25年間で新たながんが3回……さすがにこれはないでしょう。

がん治療ががんを呼び、また治療を勧められてがんを呼び……はっきり言って「がん治療」成功してないです。
私は「生きた失敗作」です。
医者は認めようとしませんが、失敗されたうえに「なかった」ことにされるのは耐えられません。

だから息のある限り語り続けます。
「これでいいのか?がん治療」……と。

漂流の発端をたどると1988年から話を始めることになります。
西洋医学の限界とともに歩んできた私の25年間をご覧ください。

別サイト「闘病、いたしません。」で第1部「悪性リンパ腫」から順次更新中です。
このブログでは第4部「乳がん」から掲載されています。
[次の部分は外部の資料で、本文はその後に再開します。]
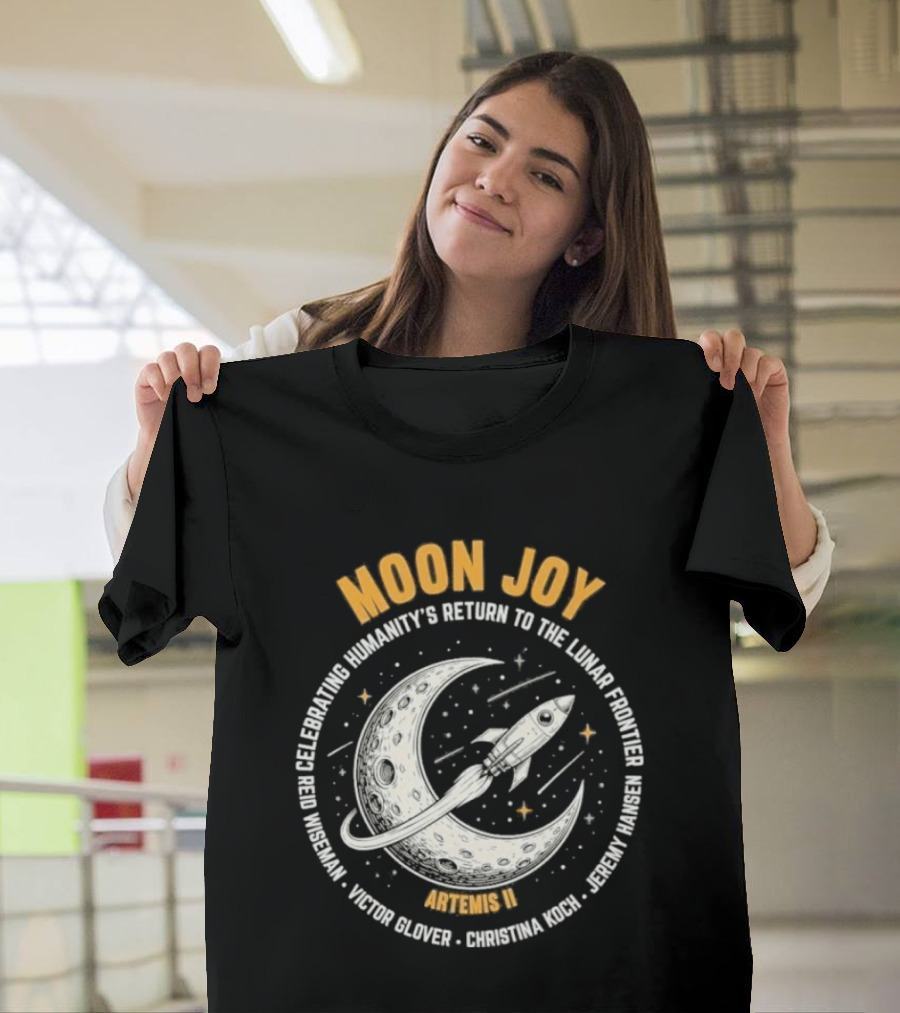 Moon Joy Celebrating Humanity's Return Lunar Frontier Artemis II Rocket Adventure T-Shirt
最新の状況はこちらのブログで更新していきます。
プロフィール
HN:
小春
性別:
女性
職業:
患者
自己紹介:
東京都在住。
1988年(25歳〜26歳)
ホジキン病(悪性リンパ腫)を発病し、J堂大学附属J堂医院で1年にわたって化学療法+放射線治療を受ける。
1991年(28歳〜29歳)
「再発」と言われ、再び放射線治療。
1998年(35歳)
「左手の麻痺」が表れ始める。
2005年(42歳)
麻痺の原因が「放射線の過剰照射による後遺症」であることが判明。
2006年(43歳)
病院を相手に医療訴訟を起こす。
2009年(46歳)
和解成立。その後放射線治療の二次発がんと思われる「乳がん」を告知される。直後に母ががん転移で死去。
迷いに迷ったすえ、西洋医学的には無治療を選ぶ。
2013年(50歳)
照射部位にあたる胸膜〜縦隔にあらたな腫瘤が発見される。
過去の遺産を引き続き背負って無治療続行。